Might be a large pomeranian like the one in my avatar. I'll try to post some better pictures over the next few days. Ours is about 13 pounds and looks just like a fox, especially the eyes and the nose. 

Did the dog have short hair or long hair?


----------



## AkiraleShiba (Dec 9, 2007)

Probably a Shiba Inu with its summer coat. They look a lot more slender and loose the head bulk. The photos on the net tend to only show shibas with their winter coat. It may also been a mix


----------



## Shaina (Oct 28, 2007)

AkiraleShiba said:


> It may also been a mix


That's what I was thinking...could easily be a mix of any of the above with something else. Even a Shiba with a summer coat wouldn't explain the lack of a curly tail.


----------



## patrickandduncan'smom (Aug 6, 2007)

RonE said:


> Finnish spitz. They are beautiful, clever dogs and notorious escape artists.


The Finnish Spitz Club of America used to be based out of my hometown in Texas which I always thought was cool because not much ever came out of that little town. I never actually saw any there but I think they are beautiful dogs.


----------



## AkiraleShiba (Dec 9, 2007)

Shaina said:


> That's what I was thinking...could easily be a mix of any of the above with something else. Even a Shiba with a summer coat wouldn't explain the lack of a curly tail.


I know that there are a lot of Shiba mixes on petfinder ... some shibas have looser tails that look like Huskies'.


----------



## Shaina (Oct 28, 2007)

I guess I took the "I don't think it had that curly tail" to include sickle-type curves as well, and just figured it was a straight tail. I've also not seen a purebred Shiba w/o a curly tail...there I go making assumptions again...


----------



## AkiraleShiba (Dec 9, 2007)

I saw one at the dog show in November, she won numerous prizes but she wore her tail on her back slightly curved but not as much as my baby's.

Anyhow, I know that there are a lot of mixed shibas in the States (less in Canada because it's a bit more rare) so maybe a look on petfinder will help


----------



## Dogstar (May 11, 2007)

It could also have been a chow mix.


----------



## 007Dogs (Aug 22, 2007)

The Finnish Spitz, also known as the barking hunter. My friend has them, and lucky me got to babysit for them. They are beutiful, but they would drive me nuts long term. 

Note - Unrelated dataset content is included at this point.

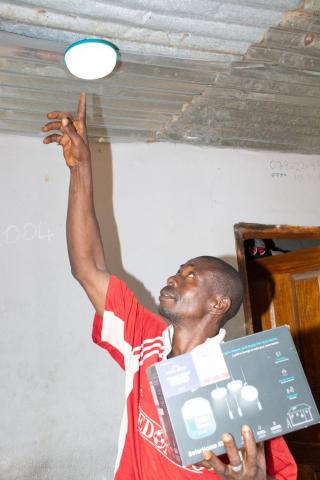 A resident electrifying his home in Mamakuma village A resident electrifying his home in Mamakuma village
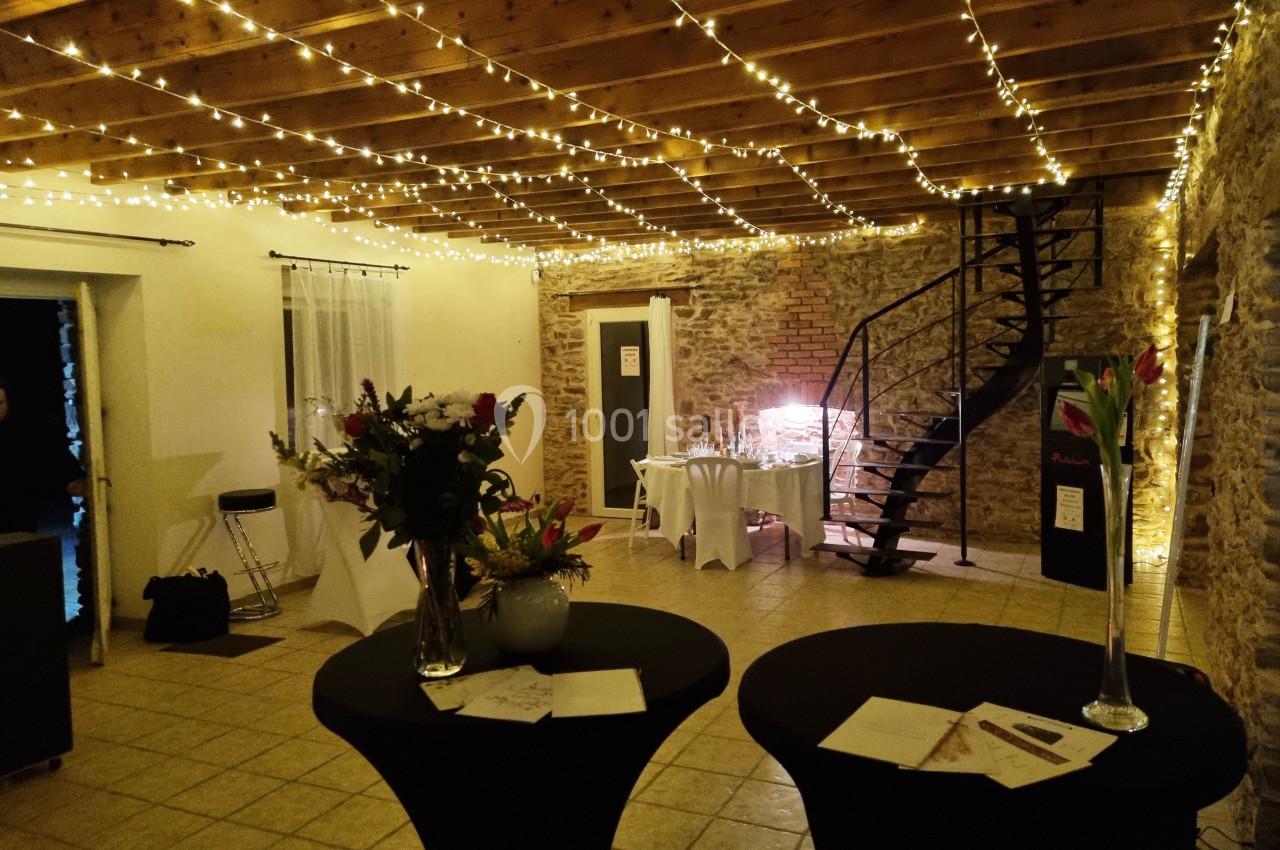 Salle décorée avec des guirlandes lumineuses, tables dressées et fleurs, avec un escalier en colimaçon en arrière-plan.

How about the Norwegina Lundenhund, they look like a small fox, but smaller than a Sheba or a Finnish Spitz, but they have a very distict feature, they have 6 toes front and back. I have another friend with this breed. I would love to some day have this breed. They are a very fun little dog and very cleaver. They are in AKC foundation stock, but the numbers are just not there yet to be moved to the misc. class. It has been a very long process, but they are considered one of the most purest bred dogs because of coming from a remote island, nothing interbred with them. 
http://www.lundehund.com/nav/Annarpåhurtigbåtenpåsken.jpg


----------



## wildspark (Mar 4, 2013)

Does that look like a fox?? its my 4 month old sheltie


----------



## Xeph (May 7, 2007)

This thread is almost 5 years old


----------